## EXERCISE
Your task is to return, word for word, only the lines from the line with "Échelle pliante en" through the close of the data. Exclude all pictures.

(Brief descriptive captions)
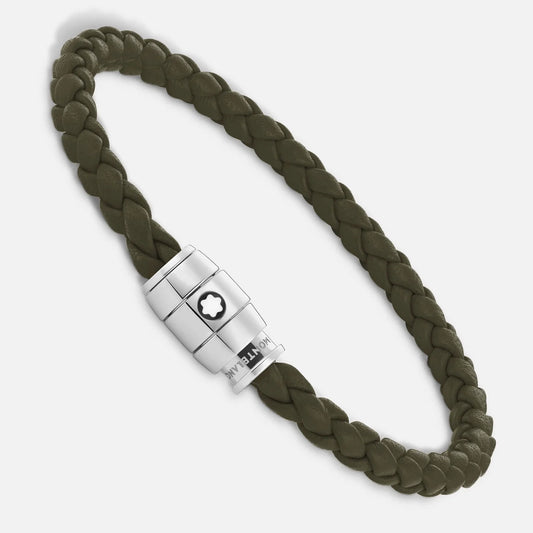 Montblanc bracciale kaki in pelle intrecciata con chiusura magnetica acciaio pregiato lucido impreziosito dal logo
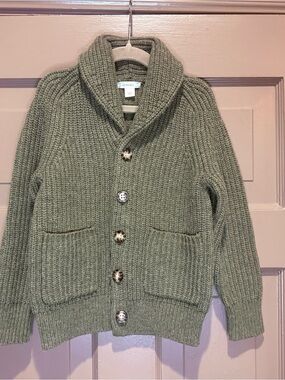 Crewcuts Olive Green Shawl Collar Button-Up Cardigan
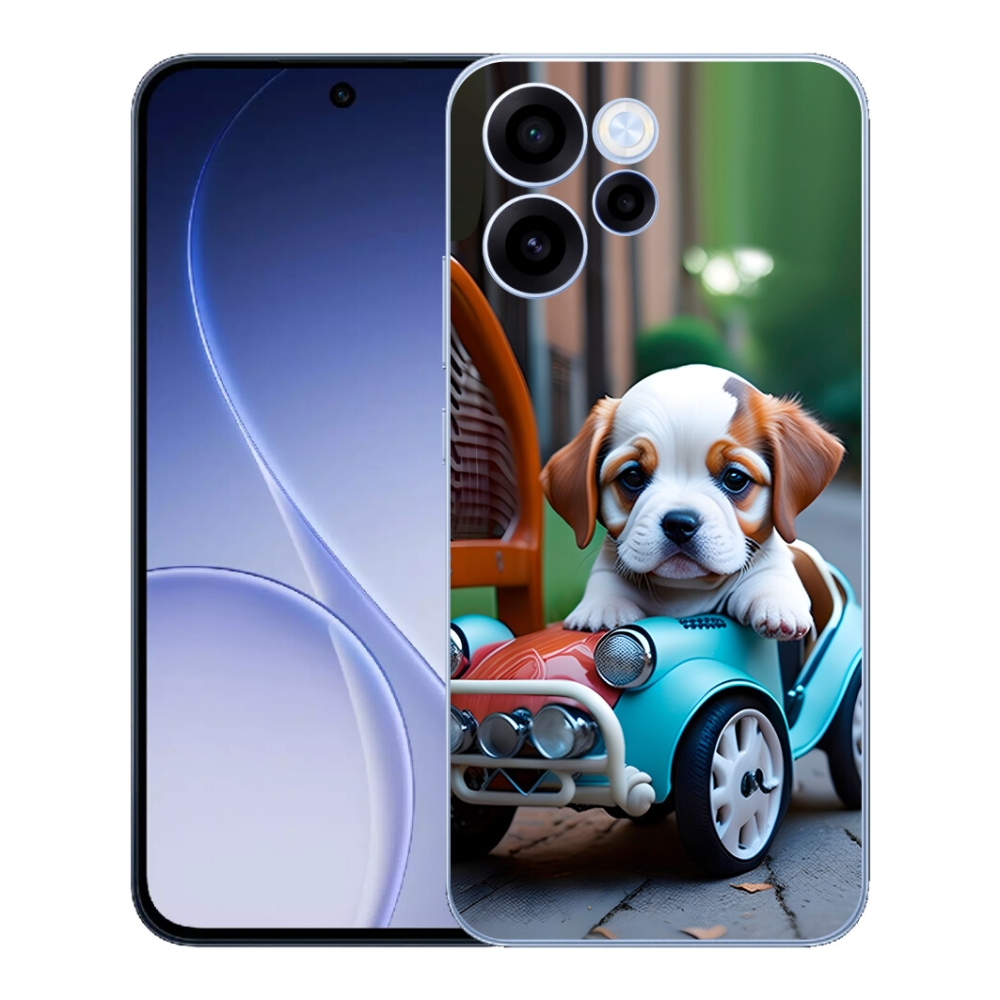 Gélový kryt mmCase na Oppo Reno 15 FS 5G - šteňa v retro aute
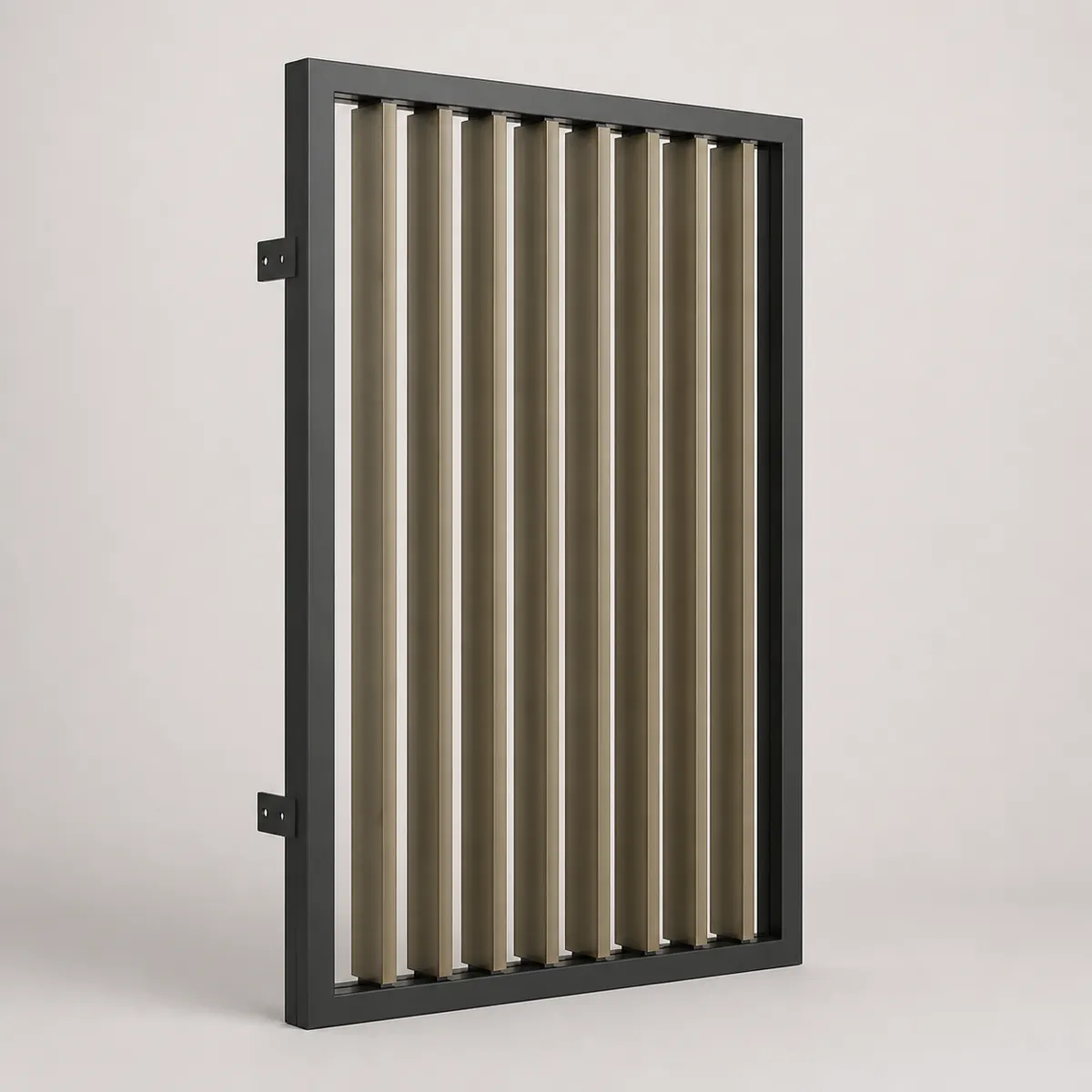 Vertical external louvre screen, the real-world character this definition is written to capture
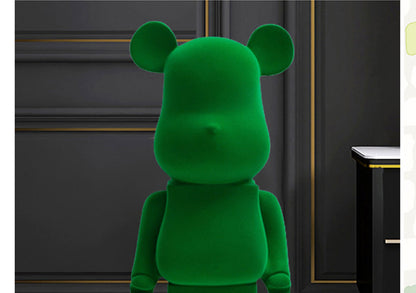 Flocking Bearbrick Statues Resins Bear Money Boxes green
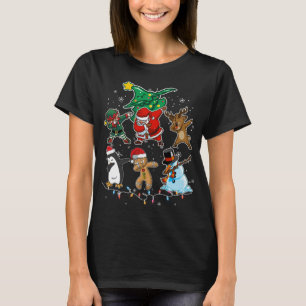 Camiseta Dabbing Christmas Papais noeis Elf Reindeer and Fr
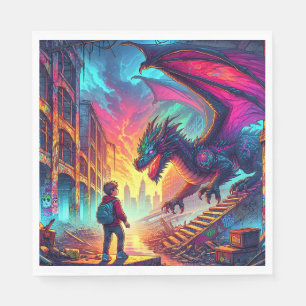 Serviette En Papier Un garçon rencontre un dragon dans un monde dystop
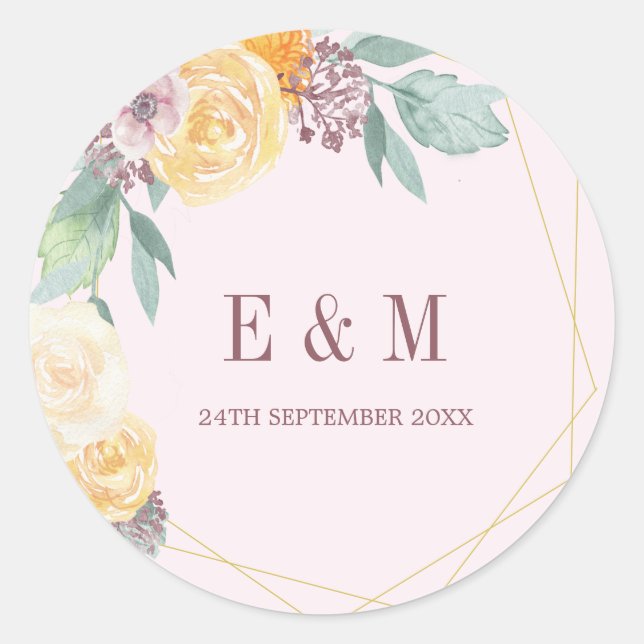 Eleganter rosa Monogram, floraler Chic Runder Aufkleber (Vorderseite)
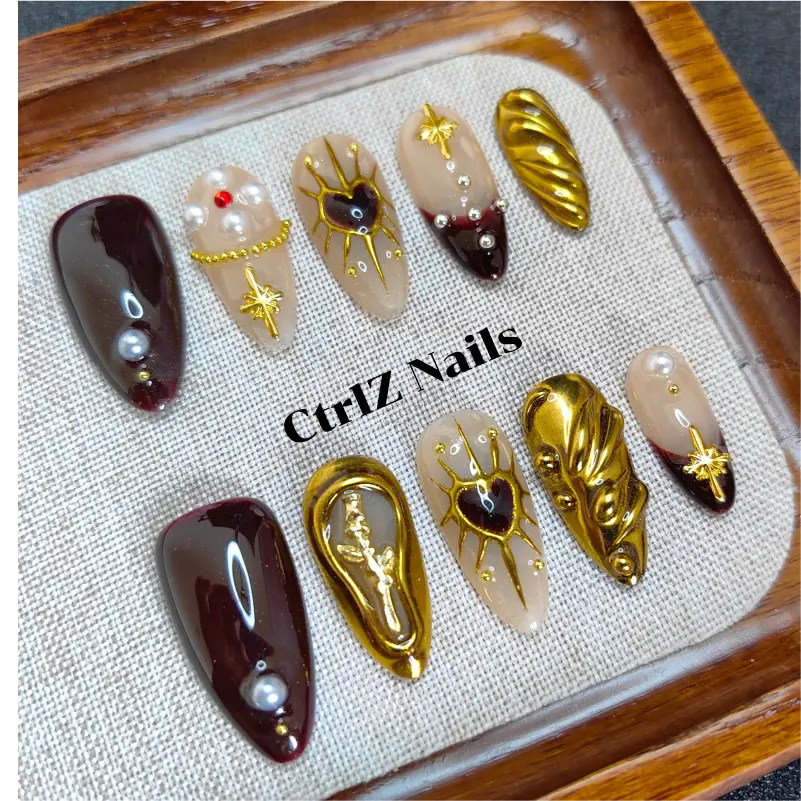 Golden Hex Rose Press On Nails - Handmade 3D Floral False Nails with Metallic Geometric Design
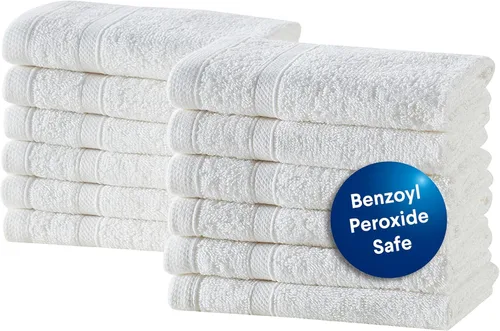 Miniatura 21 de CLOROX Toallitas de baño 100% algodón aptas para usar blanqueador, de secado rápido (12" x 12"), altamente absorbentes, suaves y ligeras, ideales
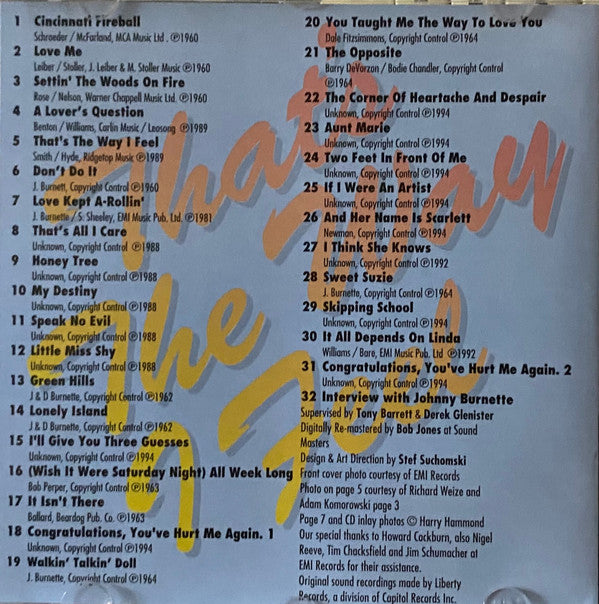 Johnny Burnette : That's The Way I Feel (CD, Comp)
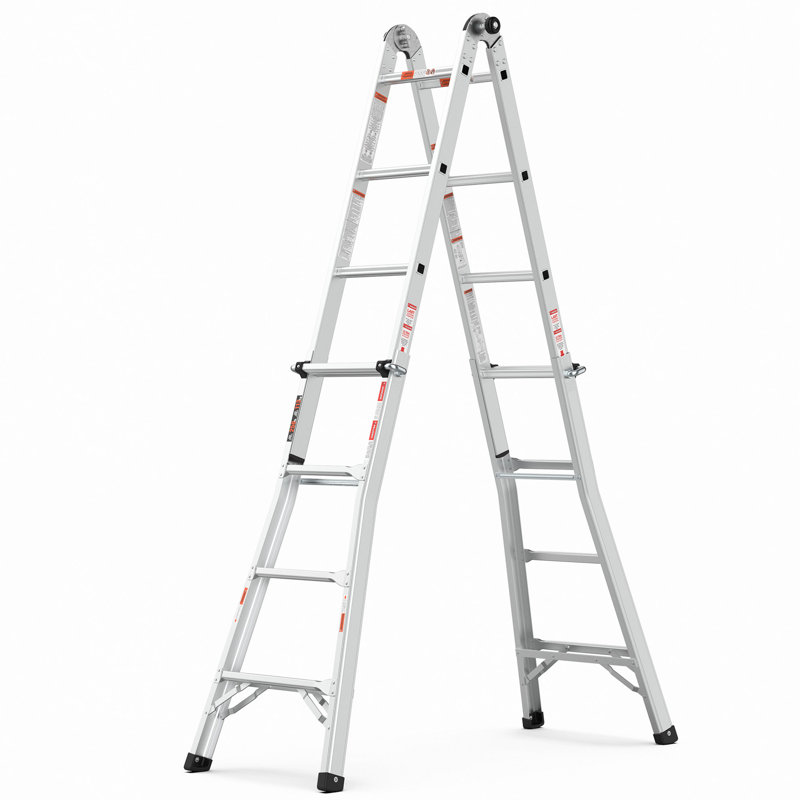 Échelle pliante en aluminium à positions multiples 17 pieds, structure en A et échelle droite, ANSI 250Lbs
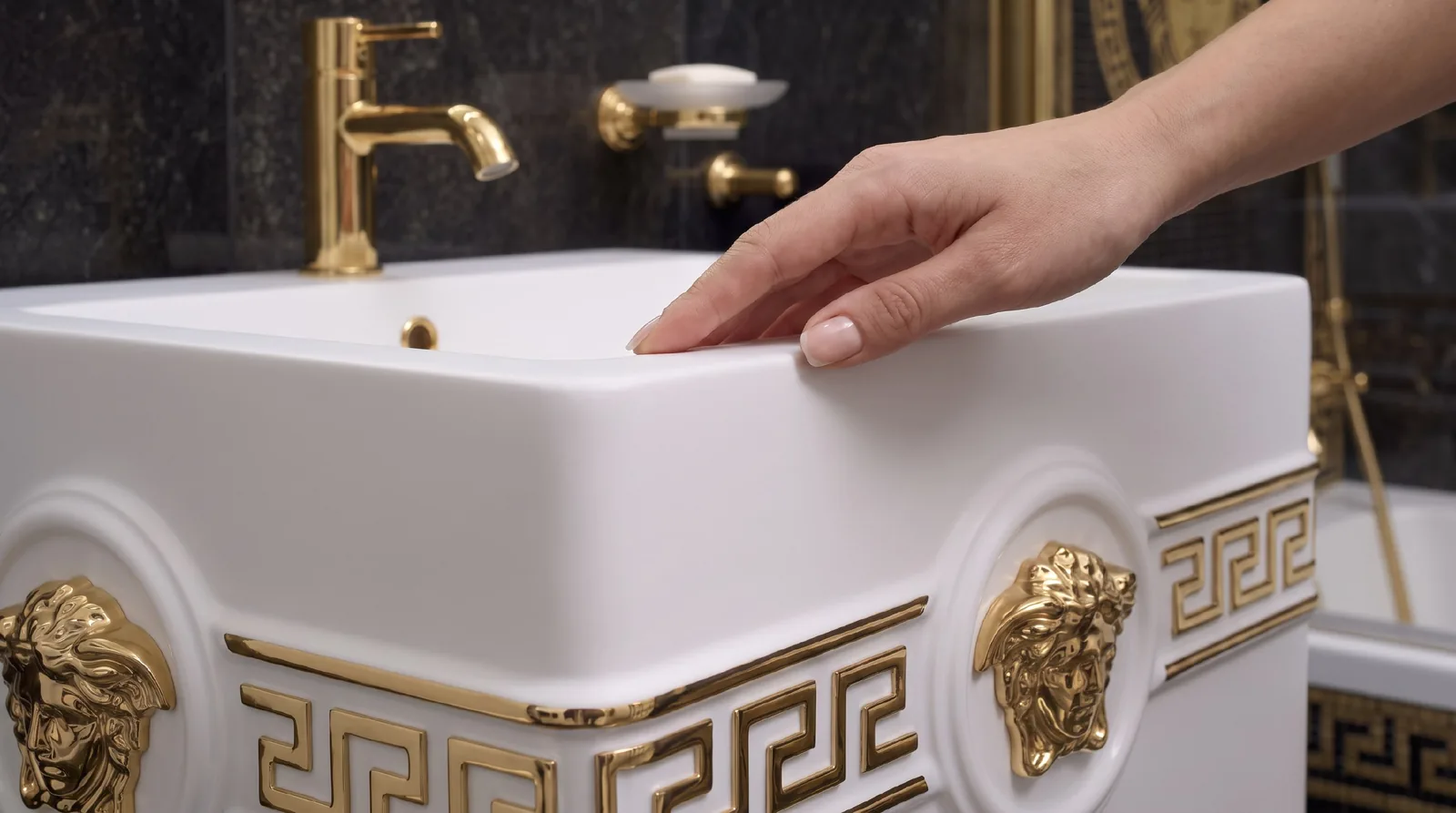 Макросъёмка кромки раковины ALBELA — однородная белая поверхность Solid Surface под рукой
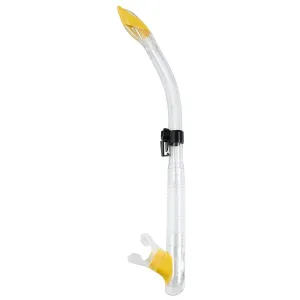 Used Cressi Tao Dry Scuba Dive Snorkel - Clear/Yellow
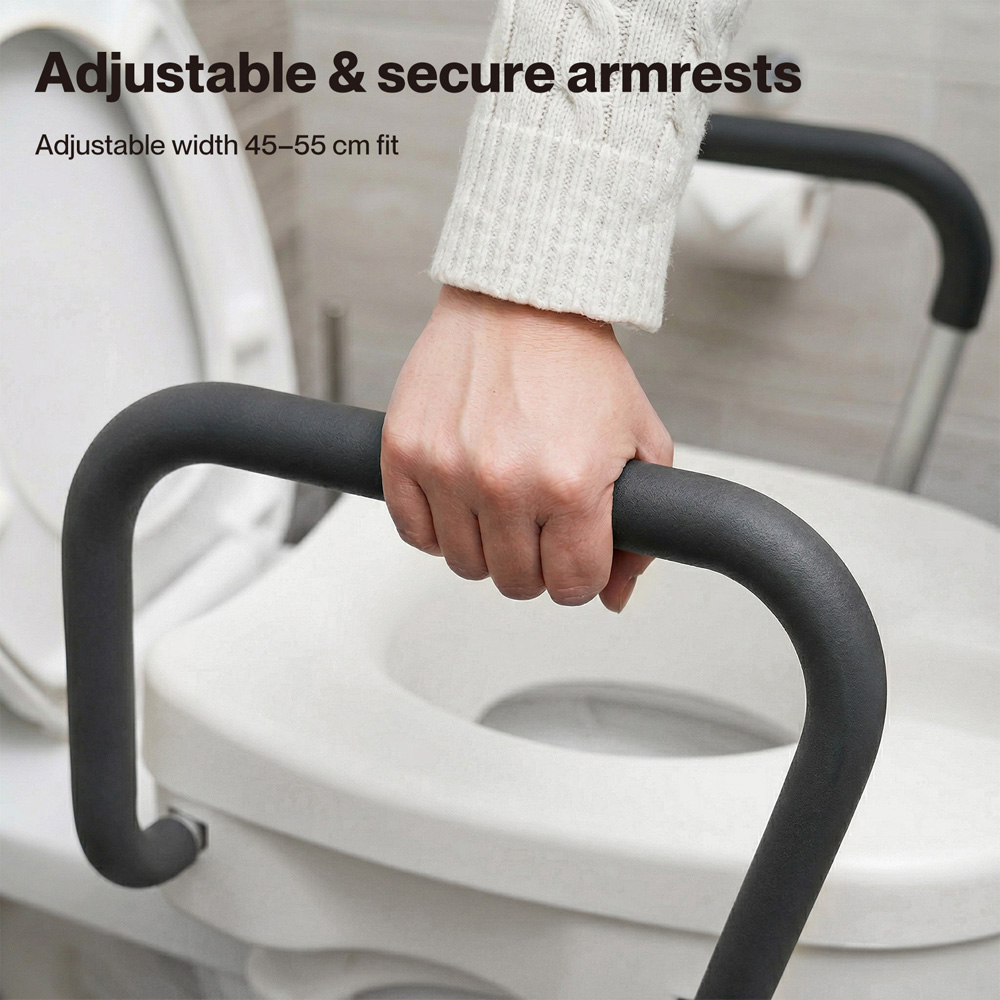 Levede Raised Toilet Seat with Armrest 4.7 inch Image 5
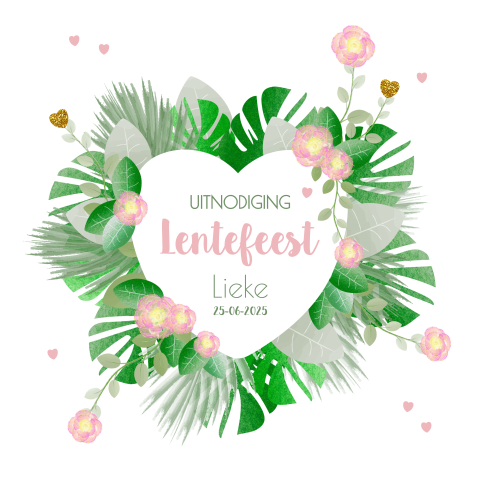 Lentefeest uitnodiging botanische stijl bloemen en hartjes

## PROBLEM SOLUTION
 Échelle pliante en aluminium à positions multiples 17 pieds, structure en A et échelle droite, ANSI 250Lbs
 Макросъёмка кромки раковины ALBELA — однородная белая поверхность Solid Surface под рукой
 Used Cressi Tao Dry Scuba Dive Snorkel - Clear/Yellow
 Levede Raised Toilet Seat with Armrest 4.7 inch Image 5
 Lentefeest uitnodiging botanische stijl bloemen en hartjes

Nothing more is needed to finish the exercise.